I think matching return status statistics by faking status is, most of the time, is the wrong metric. The status should reflect the real state of things, whether yield performed or not. Then, if anything cares about it at all, we shouldn’t probably err out on the side saying that yield wasn’t performed, it msy trigger unneeded waits.
On Sat Jan 25 05:37:01 2025 +0000, Paul Gofman wrote:
I think matching return status statistics by faking status is, most of the time, is the wrong metric. The status should reflect the real state of things, whether yield performed or not. Then, if anything cares about it at all, we shouldn’t probably err out on the side saying that yield wasn’t performed, it msy trigger unneeded waits.

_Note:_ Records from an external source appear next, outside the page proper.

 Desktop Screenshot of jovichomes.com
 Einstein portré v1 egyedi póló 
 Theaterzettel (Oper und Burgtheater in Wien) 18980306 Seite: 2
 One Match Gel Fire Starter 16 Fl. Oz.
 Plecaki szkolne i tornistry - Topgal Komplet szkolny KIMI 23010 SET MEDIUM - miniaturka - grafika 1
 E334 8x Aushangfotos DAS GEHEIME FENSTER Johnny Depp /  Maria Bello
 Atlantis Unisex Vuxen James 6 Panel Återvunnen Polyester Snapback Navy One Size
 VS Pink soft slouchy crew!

I mean, before this, we were returning a completely unexpected result for `NtDelayExecution` (`STATUS_TIMEOUT`). If, by your suggestion, we instead always return `STATUS_SUCCESS` for alertable waits, that'd be almost the complete inverse of what Windows returns (for 1ms resolution). If an application happened to care about the return value of the delay, I feel like the current version is more likely to be correct than if we basically flipped the NO_YIELD/SUCCESS ratio from ~100%/~0% to 0%/100%.

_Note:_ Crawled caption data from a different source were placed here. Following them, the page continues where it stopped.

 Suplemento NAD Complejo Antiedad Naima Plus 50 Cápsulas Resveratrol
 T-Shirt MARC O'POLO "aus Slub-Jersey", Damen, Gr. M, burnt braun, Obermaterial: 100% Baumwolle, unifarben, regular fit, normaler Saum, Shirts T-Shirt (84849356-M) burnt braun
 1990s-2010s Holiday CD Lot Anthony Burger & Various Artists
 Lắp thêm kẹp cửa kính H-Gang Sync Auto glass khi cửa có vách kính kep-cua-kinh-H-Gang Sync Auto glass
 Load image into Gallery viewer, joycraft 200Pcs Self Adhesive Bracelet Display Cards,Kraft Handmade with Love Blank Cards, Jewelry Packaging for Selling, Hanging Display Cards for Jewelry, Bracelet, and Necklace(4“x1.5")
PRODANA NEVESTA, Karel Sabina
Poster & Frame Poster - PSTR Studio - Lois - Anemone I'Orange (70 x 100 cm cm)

On Sat Jan 25 05:37:01 2025 +0000, William Horvath wrote:
I mean, before this, we were returning a completely unexpected result for `NtDelayExecution` (`STATUS_TIMEOUT`). If, by your suggestion, we instead always return `STATUS_SUCCESS` for alertable waits, that'd be almost the complete inverse of what Windows returns (for 1ms resolution). If an application happened to care about the return value of the delay, I feel like the current version is more likely to be correct than if we basically flipped the NO_YIELD/SUCCESS ratio from ~100%/~0% to 0%/100%.
Why this statistics matters in practice? For non-alertable 0ms waits it won’t yield most of the time and return the corresponding status. For each 0ms alertable wait it *does yield 100% of the time*, do you have any practical reason to lie about that in return status, any app behaves better this way for some explained reason?
On Sat Jan 25 05:43:24 2025 +0000, Paul Gofman wrote:
Why this statistics matters in practice? For non-alertable 0ms waits it won’t yield most of the time and return the corresponding status. For each 0ms alertable wait it *does yield 100% of the time*, do you have any practical reason to lie about that in return status, any app behaves better this way for some explained reason?
I'm following you. Since we have no real control over the scheduler, I guess the second best thing we can do is to just report the fact that any call to `server_select` (from `server_wait`) is an implicit yield (i.e. `SUCCESS`/`USER_APC`). I don't think it's worth arguing over really, maybe your suggestion is safer.
I'll change it in accordance to your suggestion; nevertheless, I still think it should be a `todo_wine` at least, for alertable zero-timeout delays to result in at least some `STATUS_NO_YIELD_PERFORMED`.